I know you don’t put much stock into my Aggressive and Lazy Penalty Project, but I think your work here is useful to my project here and I was wondering if I could use this data in the future for my project? I also know I haven’t done up a post on this year’s value, that will come in the next week or two.
Lastly, I think these two projects demonstrate a few tendencies together:
1) you have Reddox rank highest among forwards for value. I also had him ranked very highly, because of his very low PiM/60 (1.24, 2nd lowest to Cogs) and a high ration of aggressive to lazy penalties (-0.03, hight then anyone not named Moreau or Zorg).
With your proof of Reddox’s mainly defensive zone penalties and a high value, I think this make a better case for a player that is smart with his penalties. Very smart indeed.
2) That for a rugged Dman, Strudwick spends very little time in the box. Pro-rated he has only 16 PiM, and this comes from a guy that fights . . . does he take any minor penalties? I think the ‘aggressive’ nature of Strudwick’s penalties also lead him to have a high offensive zone penalty numbers, in contrast to the rest of the Dman (put again, Peckham a rugged, fighting Dman has a even larger offensive zone penalty count).
Strudwick has many faults, but taking bad penalties it not one of them.
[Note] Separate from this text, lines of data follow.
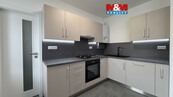 Pronájem bytu 2+kk, 46 m2, Louny, ul. U Spravedlnosti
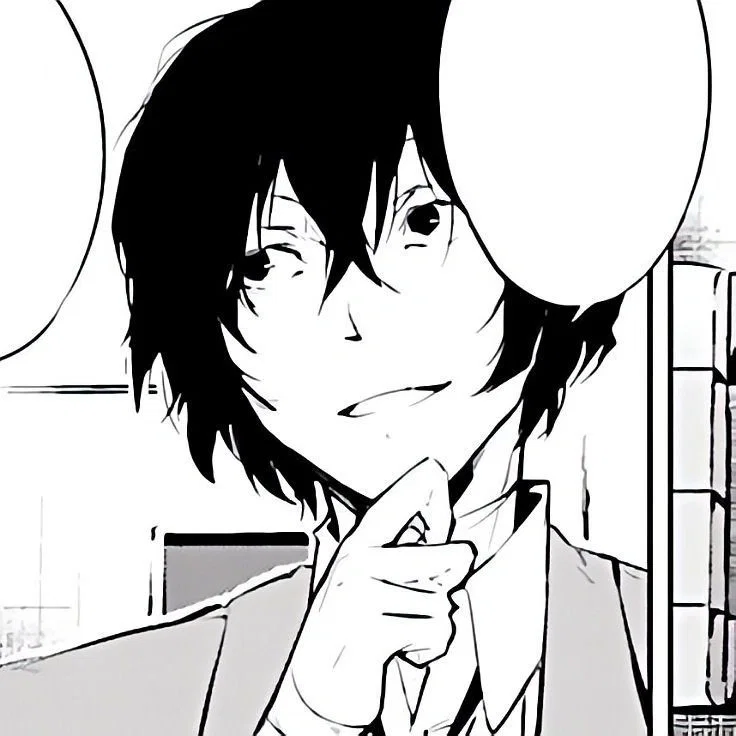 Dazai Osamu / Osamu Dazai
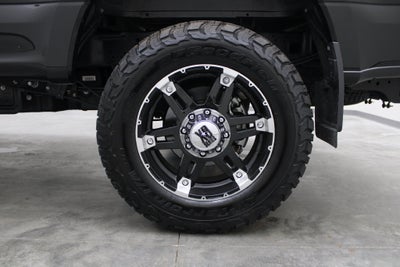 2017 Ford F-250SD XLT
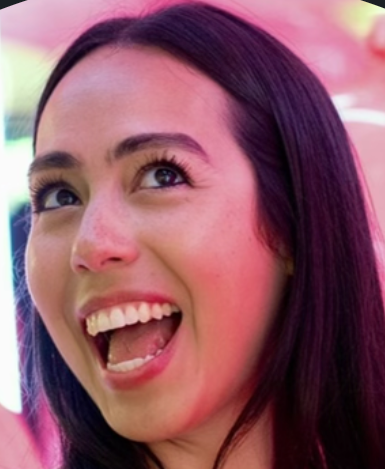 Ingrid Zapata Read profile photo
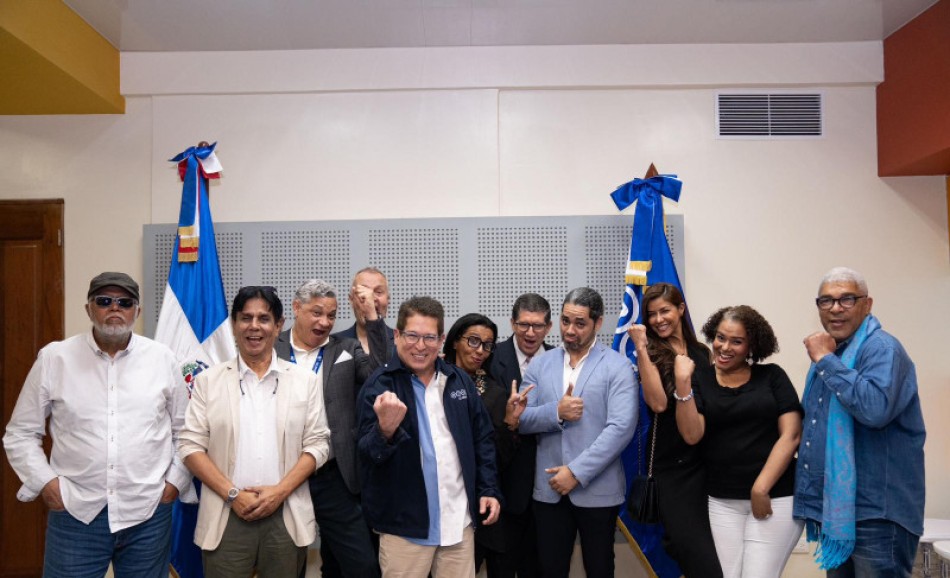 RTVD crea instituto para formaci&oacute;n de t&eacute;cnicos y productores de la industria televisiva dominicana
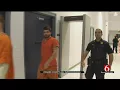 Overcrowding An Understatement At Rogers County Jail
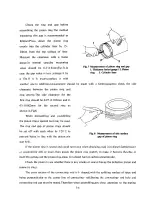 Preview for 26 page of Rotek YSD490Q Operation & Maintenance Manual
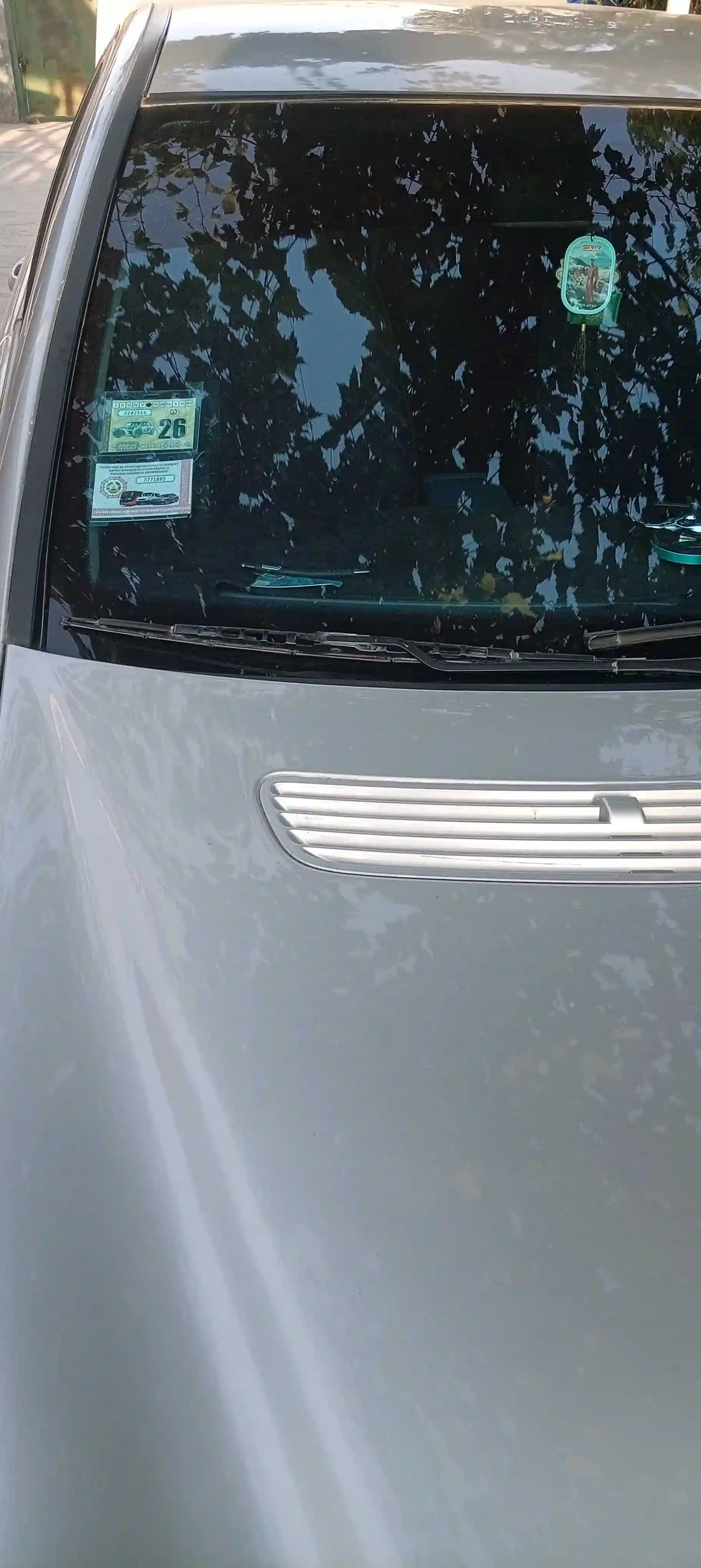 Mercedes-benz C class 2000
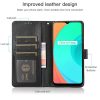 Wallet Leather Case For OPPO - Image 2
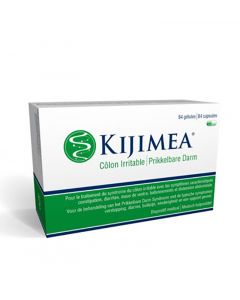 Kijimea Prikkelbare Darm capsules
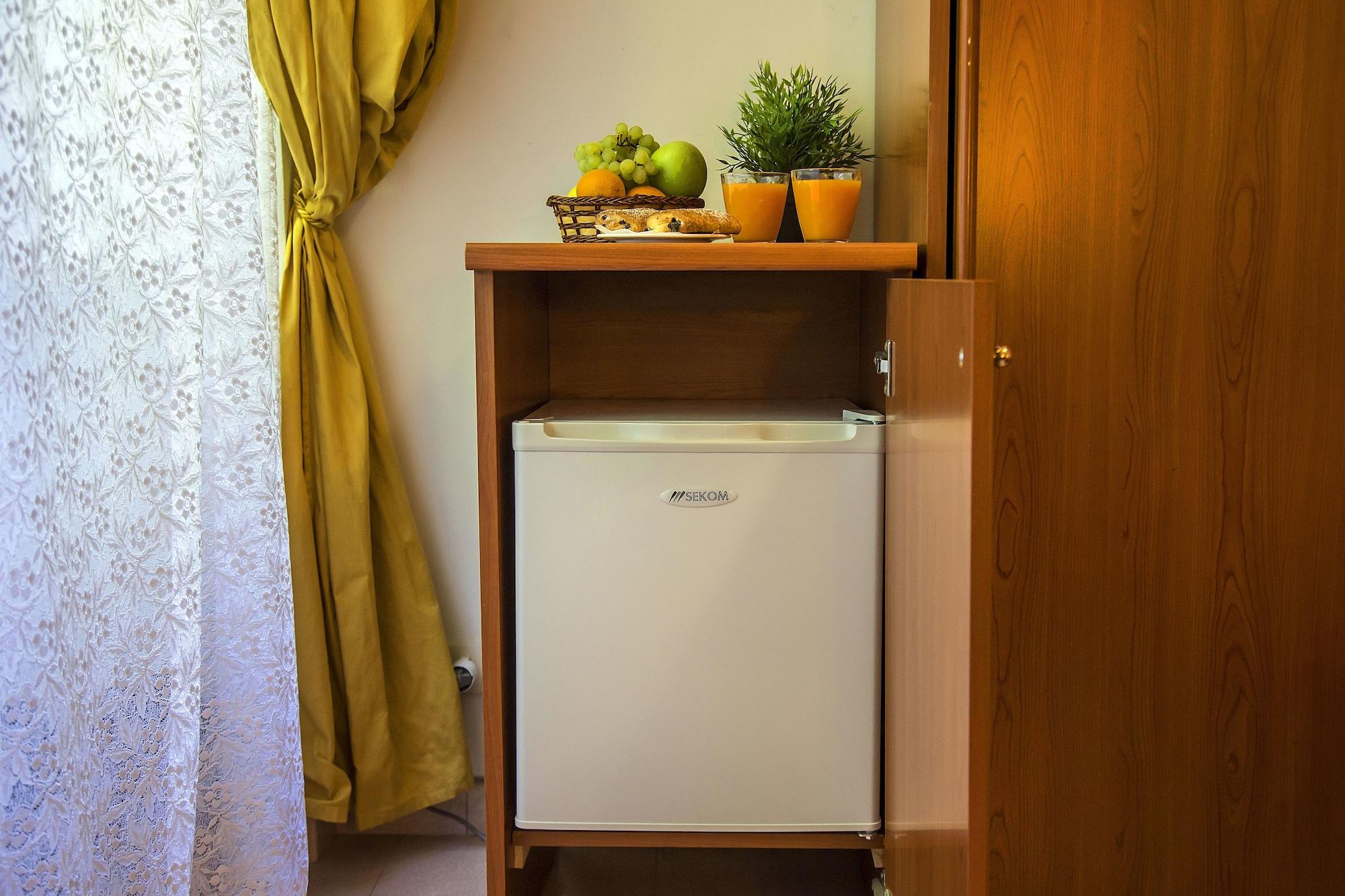 Bed & Breakfast Sole E Luna Rome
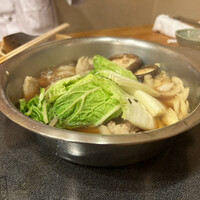 北新地 隼人 - 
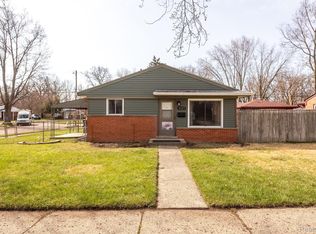 30215 Spring Arbor Dr, Inkster, MI 48141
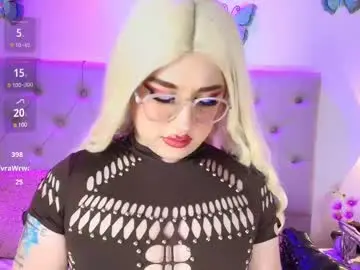 Chaturbate Free Porn Cam of alyssaa_hunter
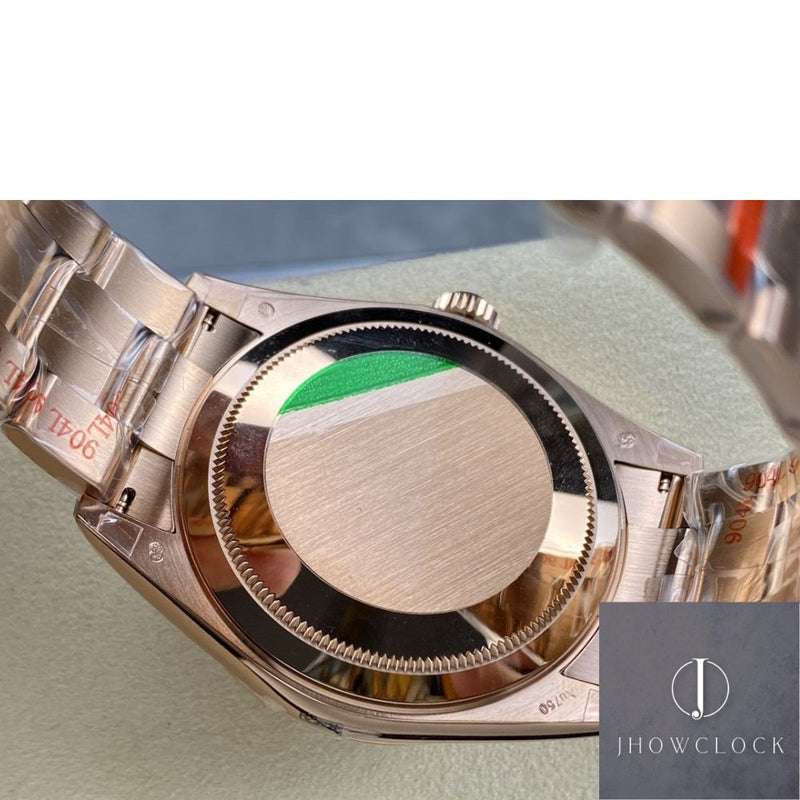 Fábrica Noob - Rolex Sky Dweller M326935-0007 Rose Gold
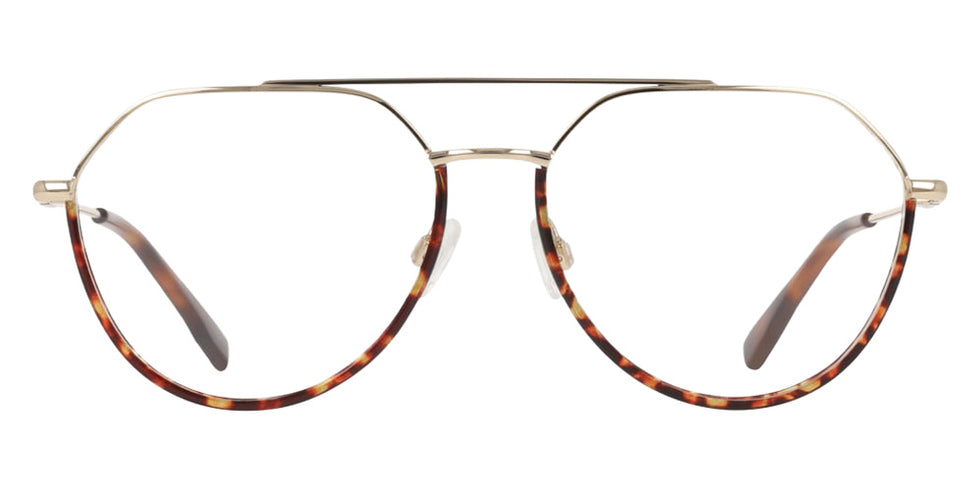 MCALLISTER MC4570 710 54 - Gold Tortoise #id:mcmc4570710_s:102100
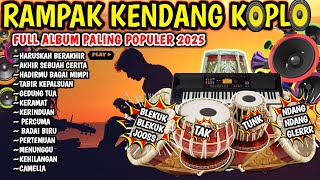 Download lagu PONGDUT KENDANG RAMPAK JAIPONG TERBARU 2025 || COCOK BUAT SANTAI DAN TEMAN KERJA (HARUSKAH BERAKHIR) mp3 Download lagu PONGDUT KENDANG RAMPAK JAIPONG TERBARU 2025 || COCOK BUAT SANTAI DAN TEMAN KERJA (HARUSKAH BERAKHIR) mp3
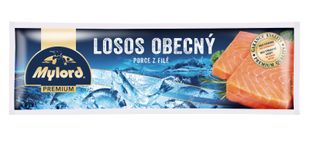 Porce z lososa obecného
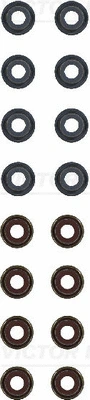 Seal Set, valve stem (12-52787-01)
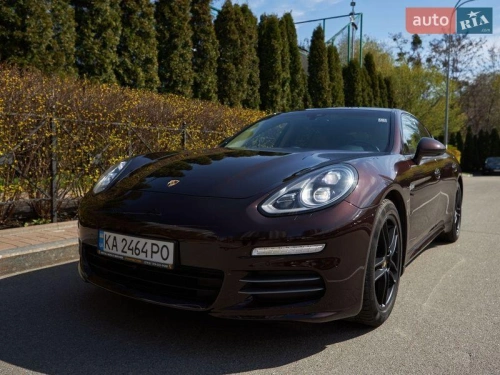 Porsche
He doesn’t draw many, but a value of -0.8 for a 7th defender that is suppose to a rough customer is a good number.
Very good work. If the Oilers like JDD, they have problems. I hear tell they had a team meeting to figure out why they are on a skid. I bet they didn’t come up with the answer that, “Our players are worse than their players and paid more.”
Time to start waiving if Katz is serious.